Au côté de Rémy le rat qui se rêve en chef multi-étoilé, la gastronomie est l'autre héroïne de Ratatouille, le dernier film d'animation de Pixar créé grâce à des heures d'observation dans les cuisines de grands restaurants parisiens et à l'aide de grands chefs.

«Au début, ce qui pouvait me déranger, c'était l'idée d'un rat dans une cuisine!», dit le chef Guy Savoy, joint par téléphone à Paris. Mais ce rat au palais exceptionnel «essaie aussi de convaincre sa famille qu'il ne faut plus manger dans les poubelles et que l'alimentation c'est fondamental, alors...»

Alors le cuisinier a ouvert ses portes à l'équipe: «Ce qui les a séduits c'est la cadence en cuisine.

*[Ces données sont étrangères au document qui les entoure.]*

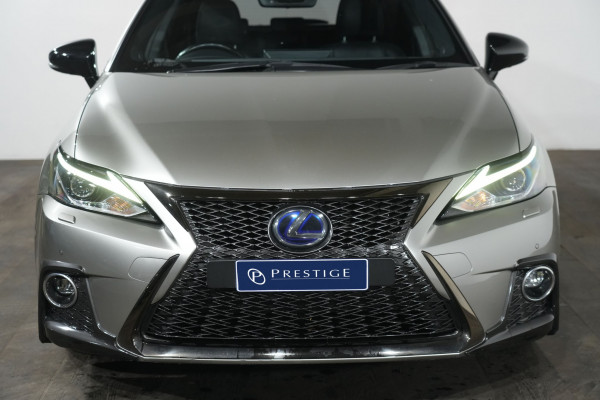 2019 Lexus CT 200h. Hybrid F Sport Hatch image 3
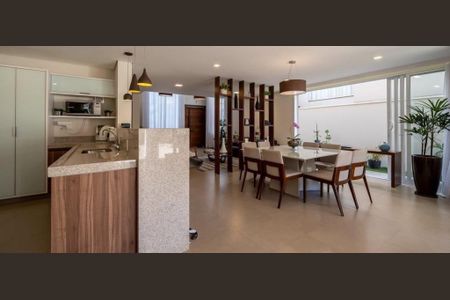 Casa de condomínio à venda com 340m², 4 quartos e 4 vagasFoto 24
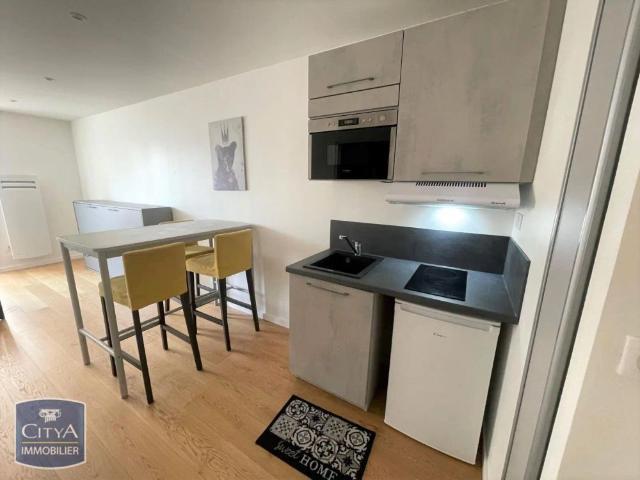 Appartement à louer 1 pièce 23.67m²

D'ailleurs, c'est ce qui frappe dans le film, le rythme!»

«Ils étaient très intéressés par le "coup de feu"», relève André Terrail, propriétaire de la Tour d'Argent. «Ce moment où les commandes partent: un turbot pour madame, un canard pour monsieur, etc».

Avec un duo de gourmets comme réalisateur et producteur, le film, sorti vendredi en Amérique, recrée au plus près le restaurant traditionnel d'un Paris magique et un peu suranné, avec de hauts murs tendus de velours, un patron mythique, une cuisine fiévreuse.

Outre la Tour d'Argent - M. Terrail a reconnu son plateau de fromages et même son maître d'hôtel - le Train bleu de la gare de Lyon a inspiré le décor.

L'ambiance dans la cuisine du film est des plus «pro». Rémy le rat connaît chaque métier: «Chef, sous-chef, chef de partie, saucier...» «Nettoie toujours ton plan de travail», dit Colette la cuisinière, qui enseigne aussi l'art de reconnaître un bon pain: «Ecoute, c'est une symphonie de craquements!»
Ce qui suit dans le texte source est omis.